DATA FOR REVIEW
------------------------------------

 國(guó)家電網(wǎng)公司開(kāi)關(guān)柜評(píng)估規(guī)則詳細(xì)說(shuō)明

------------------------------------

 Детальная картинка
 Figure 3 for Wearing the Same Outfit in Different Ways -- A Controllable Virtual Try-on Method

------------------------------------

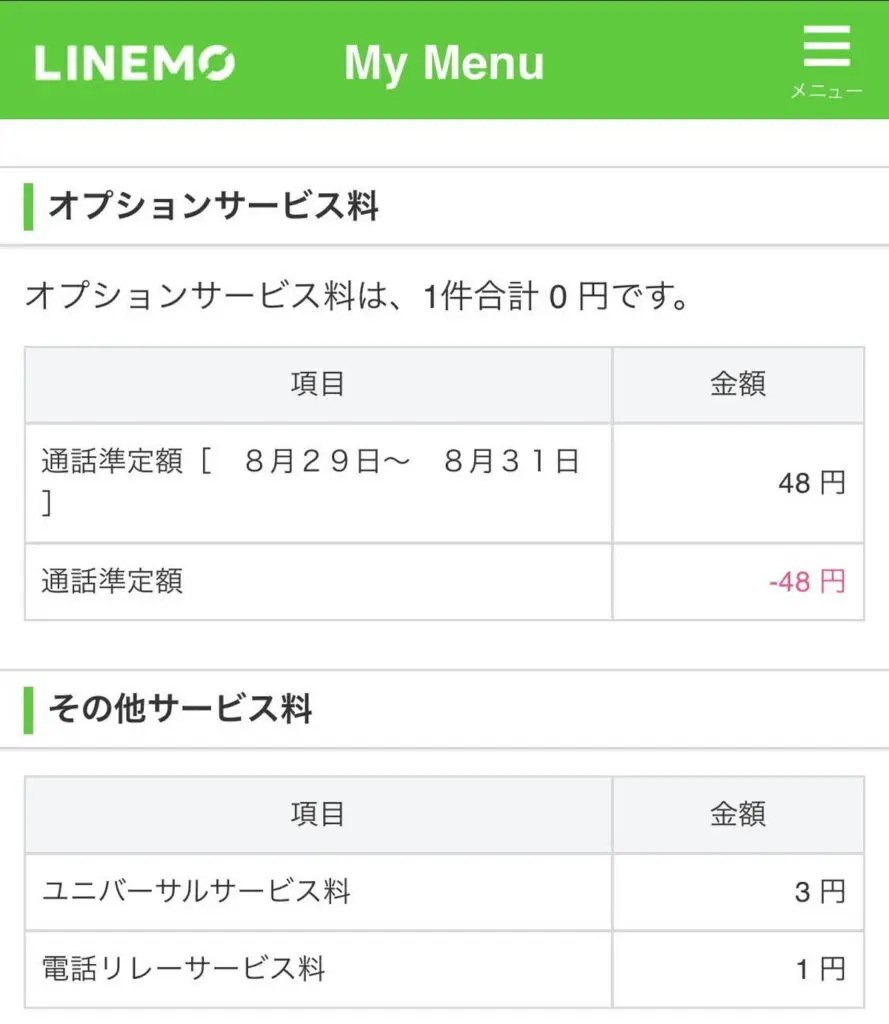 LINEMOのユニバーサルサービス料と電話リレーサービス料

------------------------------------

PROBLEM DESCRIPTION
Take from the material above the lines running from the one with "Детальная картинка" through the one with "Figure 3 for", and repeat them exactly, with nothing else.

EXERCISE RESPONSE
 Детальная картинка
 Figure 3 for Wearing the Same Outfit in Different Ways -- A Controllable Virtual Try-on Method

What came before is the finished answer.